Every off-roader knows that dropping a spinning wheel on to the ground is a great way to bust stuff :) Torsens are tough, but high horsepower wheel hop will take 'em out. Usually a Miata will frag the transmission first.

The OS Geiken is expensive, but holy cow does it hook up. Feels like one of the Positractions we use in the V8 conversions. We're adding it to our catalog.

Mikey52_1
Mikey52_1 Reader
9/26/10 7:59 p.m.

My statement about the Detroit Locker being harsh and requiring driver knowledge was based on my own experience. I had a '57 Chevy wagon converted to 4x4 with Jeep pickup parts, that when I bought it, had both differentials blown. The only gearset I could find 2 of in the yard I worked at, was 5.38:1, from Jeeps. The only complete Dana 44 center (for the rear) was a Detroit. Honest! The yard owner (my boss) let me have the Detroit for US$25. A sweet deal, to be sure, but I wanted a Spicer 4 pinion ltd slip. But I had only pieces/parts of any 4 pinion Spicers, no complete units, and I couldn't afford the US$125.00+ that would've been 'my' price thru work for a new one. So the Detroit, for better or worse.

The '57 had a 327/Muncie m-20/Jeep Dana 28 gear train, and with the short gears, I could get thru 3 of the 4 speeds in an intersection. Really cool for street racing, but about worthless for highway. Anything over 45 minutes at 60 mph was really tiresome.

The best/scariest story of that time was me coming out of a KFC parking lot on a snowy evening. My feet, wet from the snow, slipped off the clutch to the left and off the brake onto the throttle on the right, launching me rather dramatically, and since I was already turning left, the torque reaction pulled the throttle. So there I was: sideways in the street, throttle wide open, and heading west but body pointed southwest. It was a scary 5 or 6 seconds before I got it shut down. It seemed about like an hour. It was just good luck there was no oncoming traffic. The next morning at the shop, I found some better pedal covers off a rig in the yard , and vowed I would preach the gospel of staying away from Detroits unless you really, REALLY need them. They're a Godsend if you need them, but spooky at best if you don't. They can turn your world upside down in a heartbeat.

Keith
Keith GRM+ Memberand SuperDork
9/26/10 11:13 p.m.

BTW, the Detroit True Track (TruTrak?) is basically a Torsen. Just for those who know Detroit stuff.

Mikey52_1
Mikey52_1 Reader
9/27/10 12:22 a.m.
Keith wrote: BTW, the Detroit True Track (TruTrak?) is basically a Torsen. Just for those who know Detroit stuff.
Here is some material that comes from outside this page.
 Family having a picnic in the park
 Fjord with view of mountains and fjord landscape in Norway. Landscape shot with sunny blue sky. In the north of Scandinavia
Yup, but with a helix angle that's pretty mild. When it first came out, it was rated for about 250 hp; and not over 32 tires. Fine for front axle use as long as you didn't get real heavy with the right foot. A little shaky for rear and lots of power.

The newer versions of the Locker, are about the same as the older ones but with weaker springs and less radical ramps for the overrun operation. Not quite as spooky as the original, but still not to be taken lightly in a short wheelbase high horsepower car. Detroits like longer wheelbases, like over 140", really well. The longer WB calms down the reaction time and event harshness. But the LWB is contraindicated for auto-x, so that tells you where the Detroit and its newer offspring fit for little cars. The Detroit variants will probably be great for the tow rig, though.

For auto-x, the friction plate and Torsen variant ltd slips are PERFECT.

"

smog7
smog7 Dork
9/27/10 12:32 a.m.

need one of these for my all trac

http://cgi.ebay.com/JDM-Toyota-ST185-Celica-Rear-Torsen-LSD-helical-ST205-/140449200891?pt=AU_Car_Parts_Accessories&hash=item20b36cbafb

all I know about torsens is that they require much less maintenance than clutch type lsd's

Mikey52_1
Mikey52_1 Reader
9/27/10 12:39 a.m.
smog7 wrote: need one of these for my all trac http://cgi.ebay.com/JDM-Toyota-ST185-Celica-Rear-Torsen-LSD-helical-ST205-/140449200891?pt=AU_Car_Parts_Accessories&hash=item20b36cbafb all I know about torsens is that they require much less maintenance than clutch type lsd's

10-4! Basically keep the right fluid in, with the appropriate high pressure additives, and they'll live a GOOD long time! They are worth the money you'll pay, though I'm a little uncertain about the Giken hybrid.